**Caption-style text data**

»»

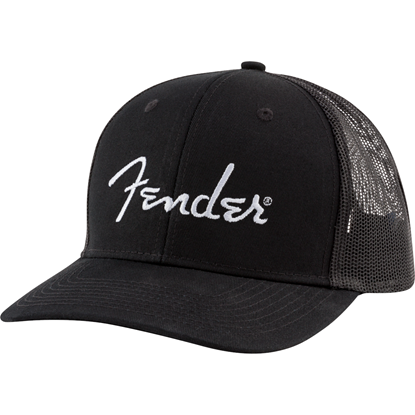 Bild på Fender® Silver Thread Logo Snapback Trucker Hat, Black One Size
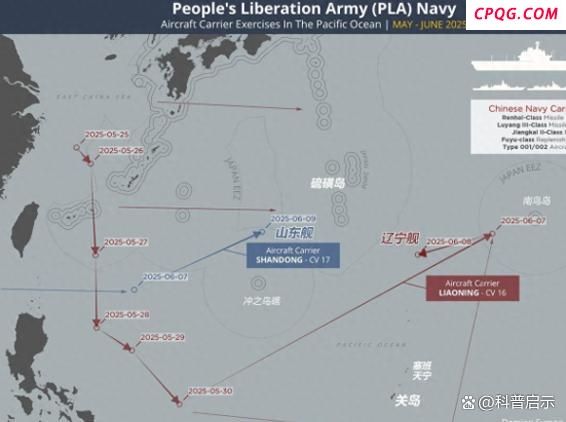 中国海军首次双航母编队突破第二岛链 彰显远洋作战实力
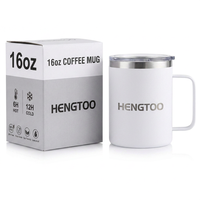Mug isotherme élégant en acier inoxydable sans BPA pour le bureau, la maison, le camping et les activités de plein air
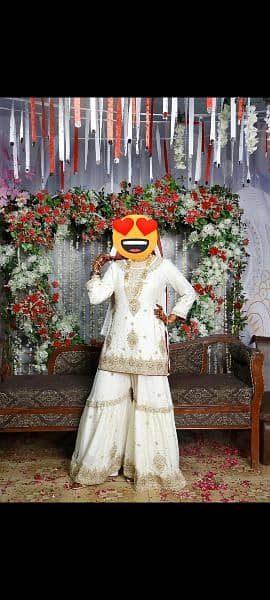 Nikah Suit With Red Ruppata 1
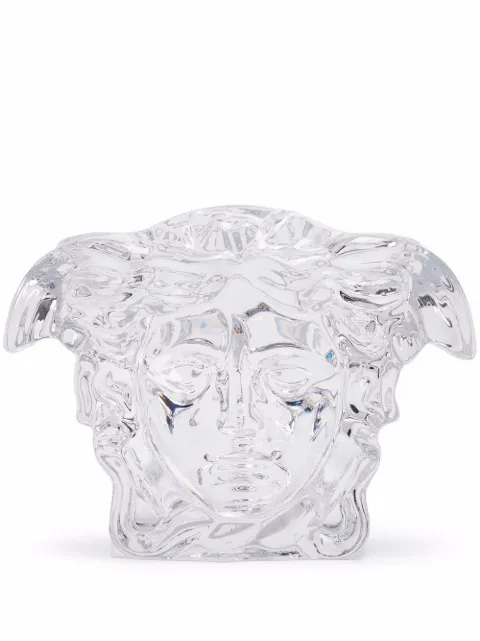 Versace Medusa Grande crystal vase White 6918332161747019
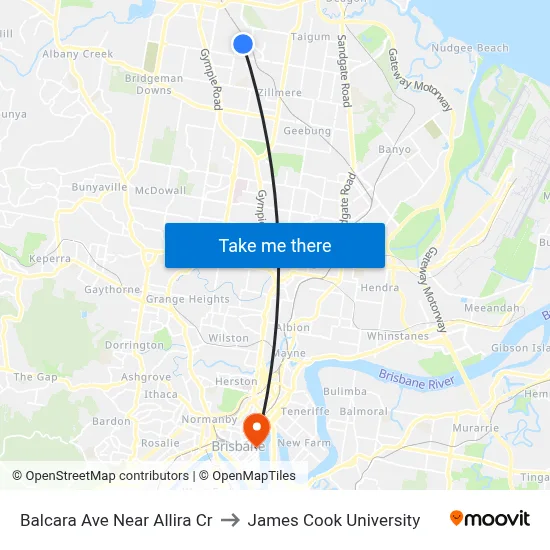 Balcara Ave Near Allira Cr to James Cook University map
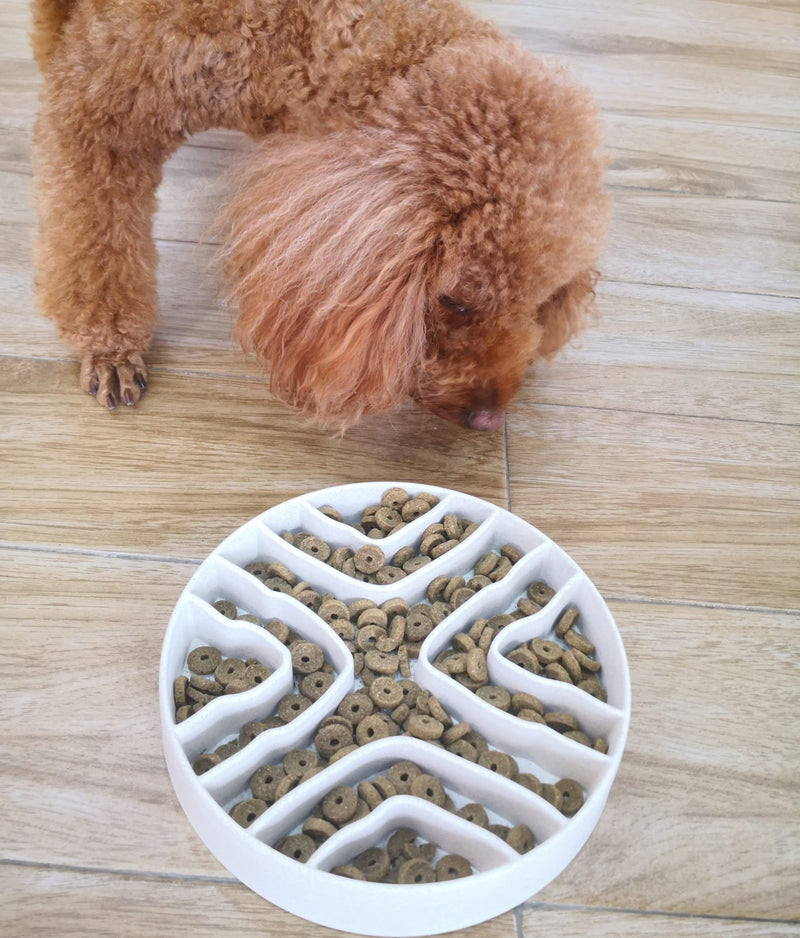 8-Inch Slow Feeder Dog Bowl, Dog Bowl, Maze Pet Bowls,Cat Bowls,Anti Gulping Healthy Eating, Slow Feeder Pet Bowl, Slow Eating Healthy Design for Small Medium Size Dogs & Cats Primary color - BeesActive Australia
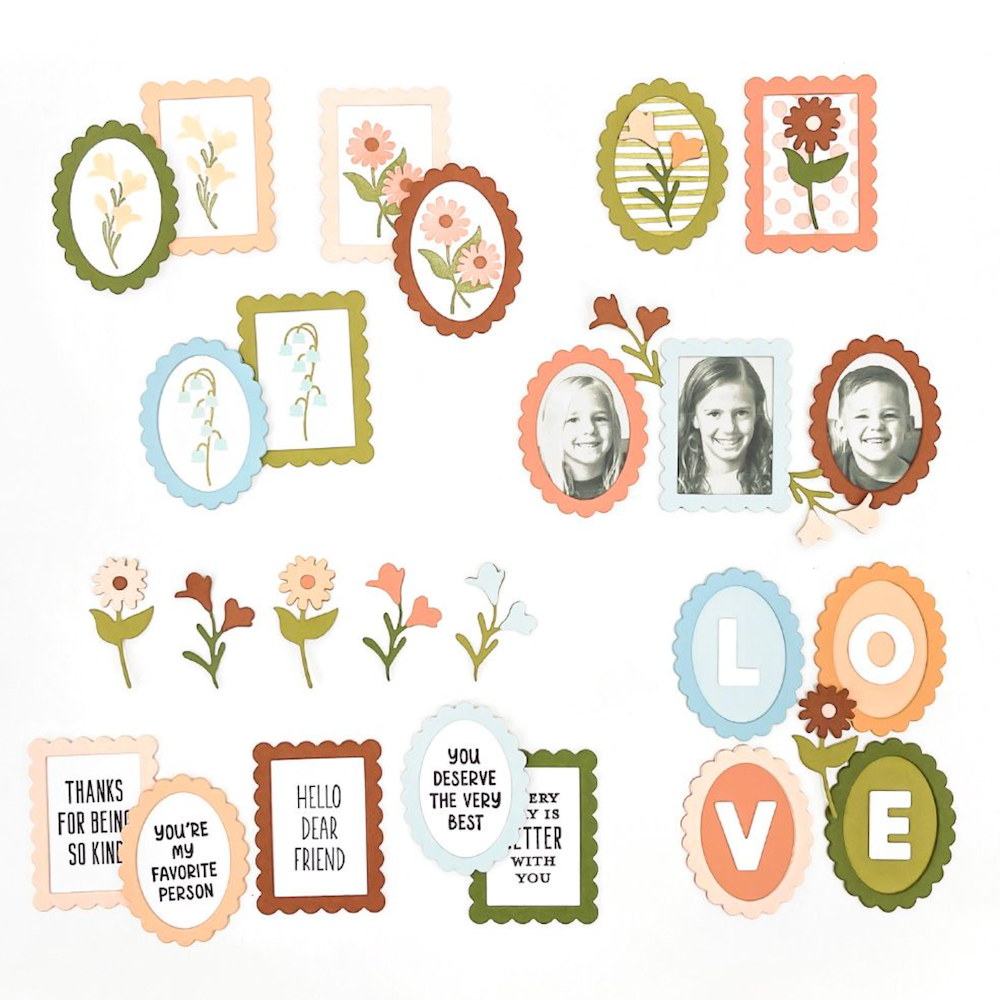 Concord & 9th Petite Frames Clear Stamp Set 12346 product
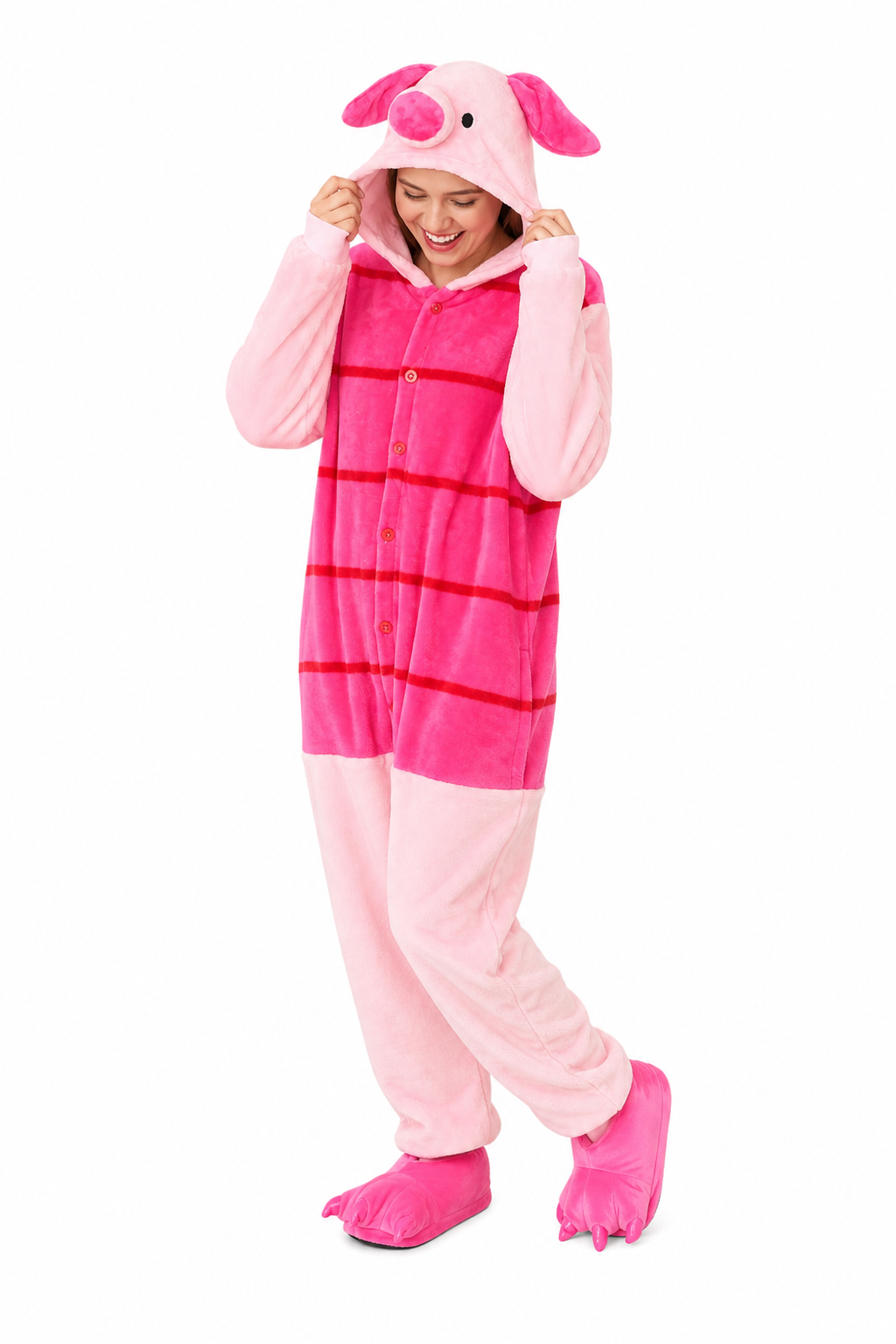 Adult Pink Piglet Kigurumi Onesie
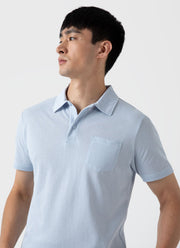 Men's Riviera Polo Shirt in Pastel Blue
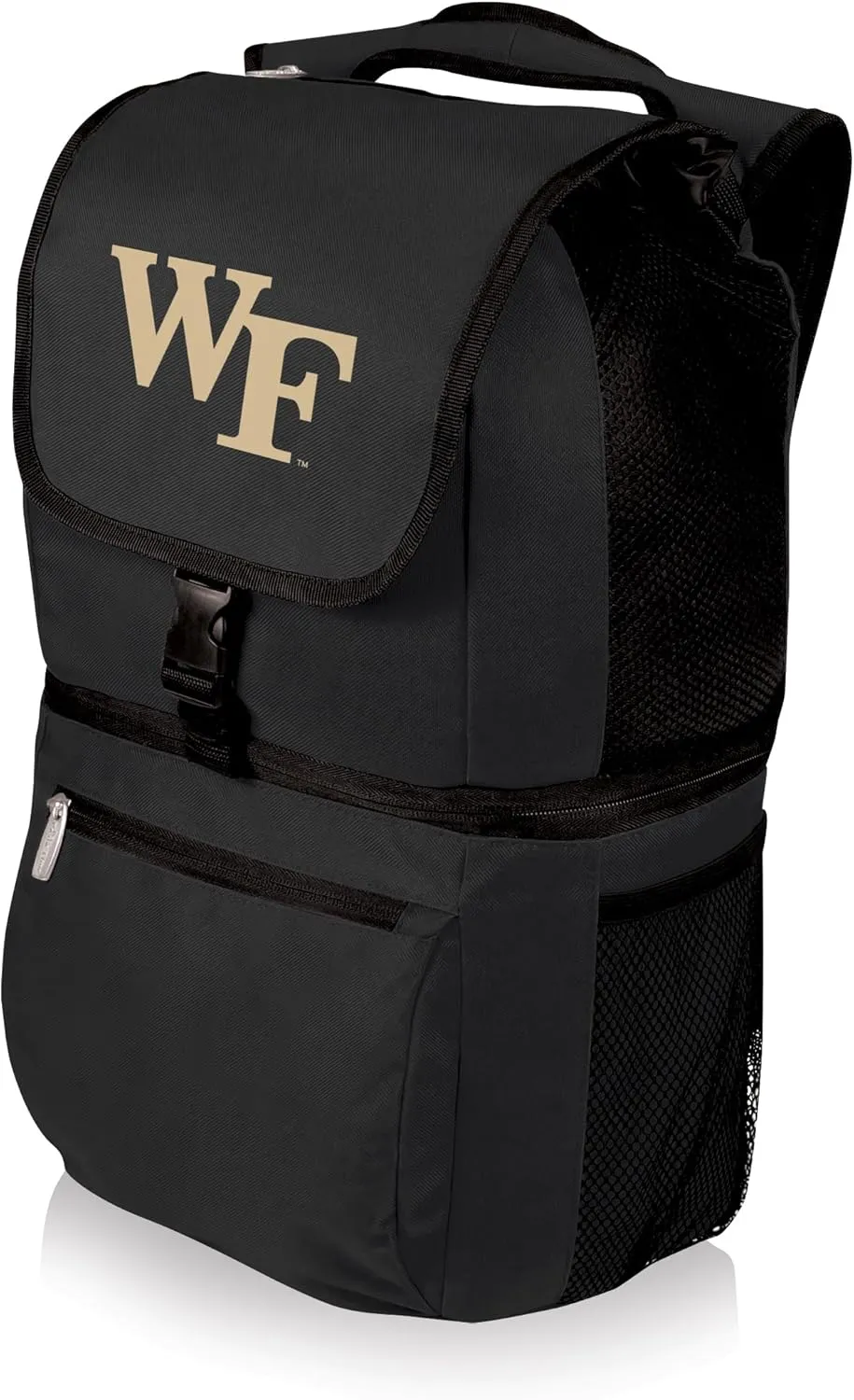 Picnic Time NCAA Wake Forest Demon Deacons Zuma Backpack Cooler, Black, 22 Liters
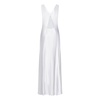 White Satin Dress with Cut-Out Back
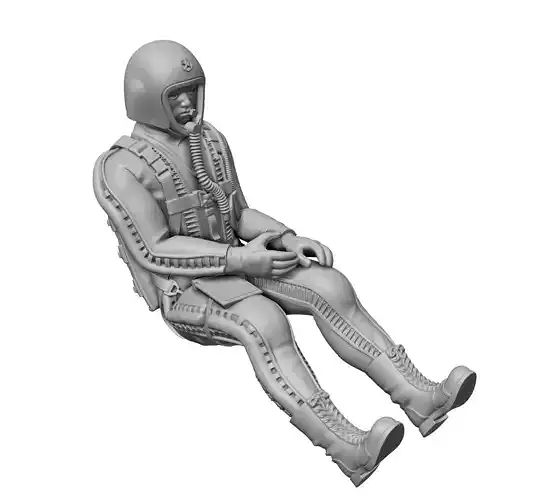 U2 Pilot  Seated  3D print model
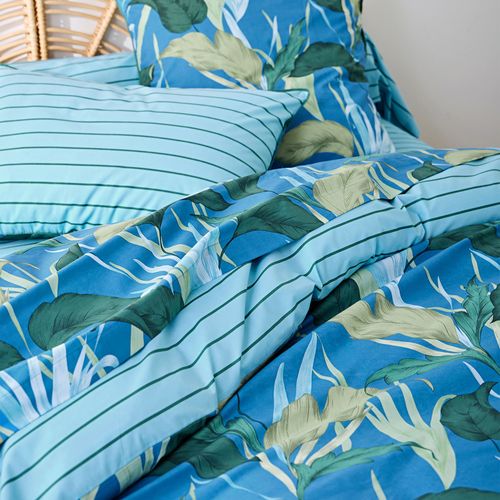 Housse De Couette 200x200 Vert En Coton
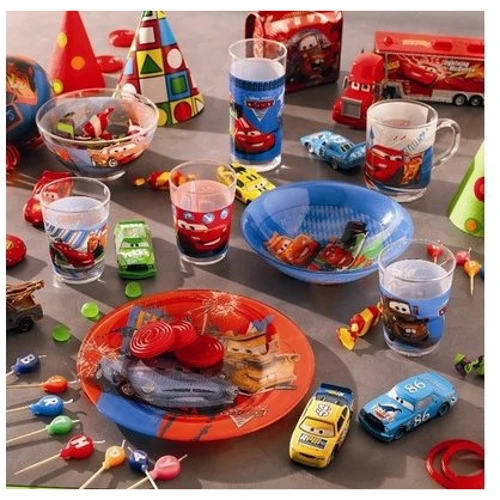 Столовий сервіз Набір Luminarc Disney Cars2 H1499 / ПК (тарілка, піала, кружка) фото 7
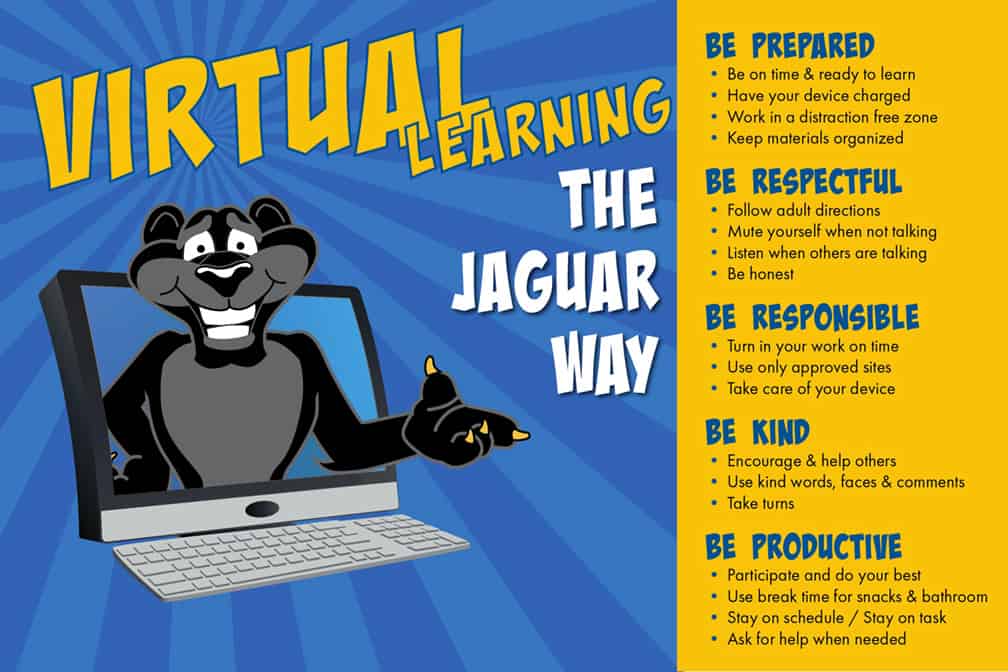 Virtual Learning Jaguar Black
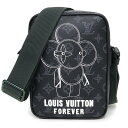 モノグラム 【未使用　展示品】ルイ ヴィトン LOUIS VUITTON ヴィヴィエンヌ ダヌーヴ PM ショルダーバッグ 斜め掛け モノグラムエクリプス レザー ブラック 黒 M43677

««

**What this task involves**
Copy only what runs above from the line containing "8-Inch Slow Feeder" through the line containing "Housse De Couette 200x200 Vert En Coton", exactly. Leave out the pictures.

**Output for this exercise**
 8-Inch Slow Feeder Dog Bowl, Dog Bowl, Maze Pet Bowls,Cat Bowls,Anti Gulping Healthy Eating, Slow Feeder Pet Bowl, Slow Eating Healthy Design for Small Medium Size Dogs & Cats Primary color - BeesActive Australia
 Concord & 9th Petite Frames Clear Stamp Set 12346 product
 Adult Pink Piglet Kigurumi Onesie
 Men's Riviera Polo Shirt in Pastel Blue
 Picnic Time NCAA Wake Forest Demon Deacons Zuma Backpack Cooler, Black, 22 Liters
 White Satin Dress with Cut-Out Back
 U2 Pilot  Seated  3D print model
 Housse De Couette 200x200 Vert En Coton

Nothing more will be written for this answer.